BRIEF - Copy exactly the line containing "image for item" and all the lines that follow it to the end of the records, minus the pictures.

EXERCISE MATERIAL -

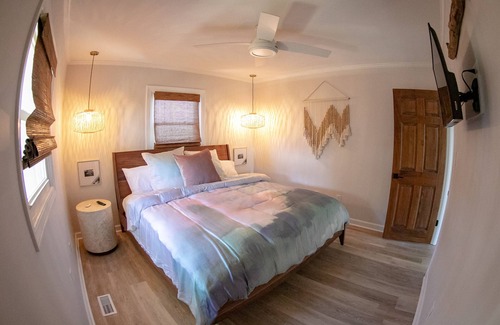 Emerald Isle Casa | Completely Renovated, Ocean View, Private Heated Pool and Hot Tub!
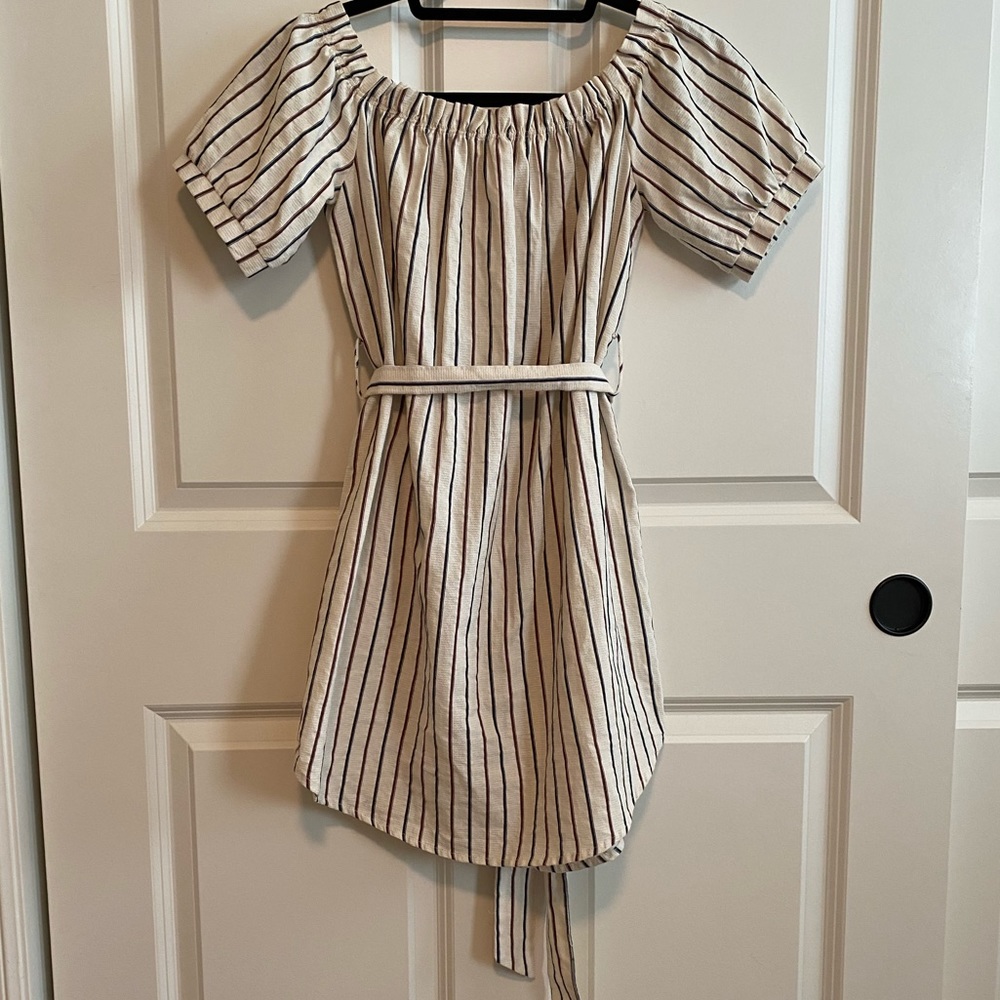 Honey Punch Striped Off the Shoulder Shirtdress - Picture 4 of 6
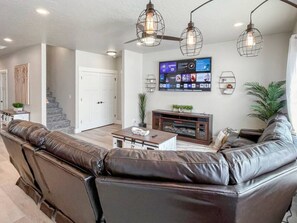 Smart TV, caminetto, videogiochi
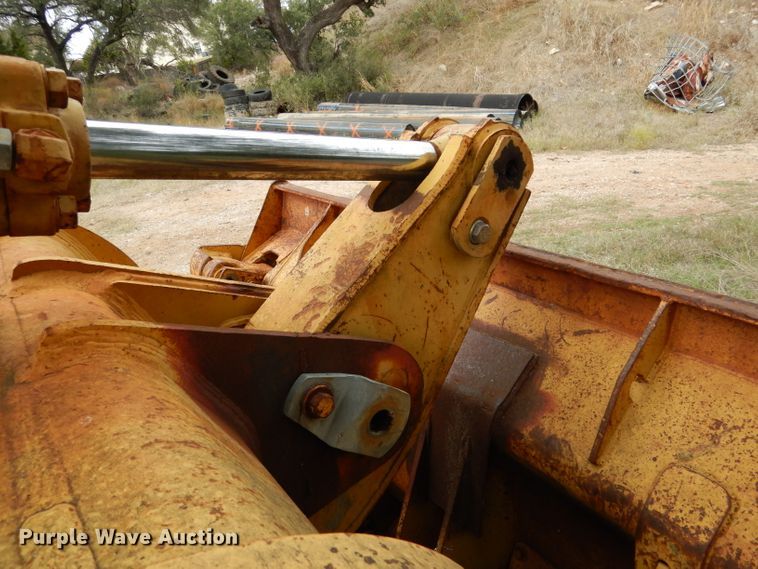 image for item DF2591 Caterpillar 943 track loader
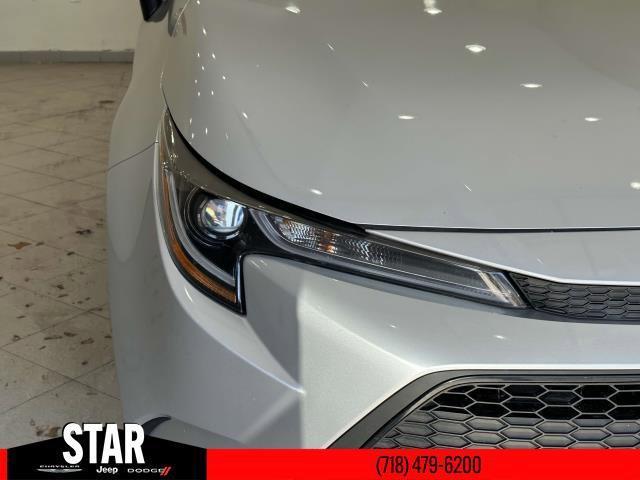 Photo of 2022 Silver Toyota Corolla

TASK OUTPUT -
 image for item DF2591 Caterpillar 943 track loader
 Photo of 2022 Silver Toyota Corolla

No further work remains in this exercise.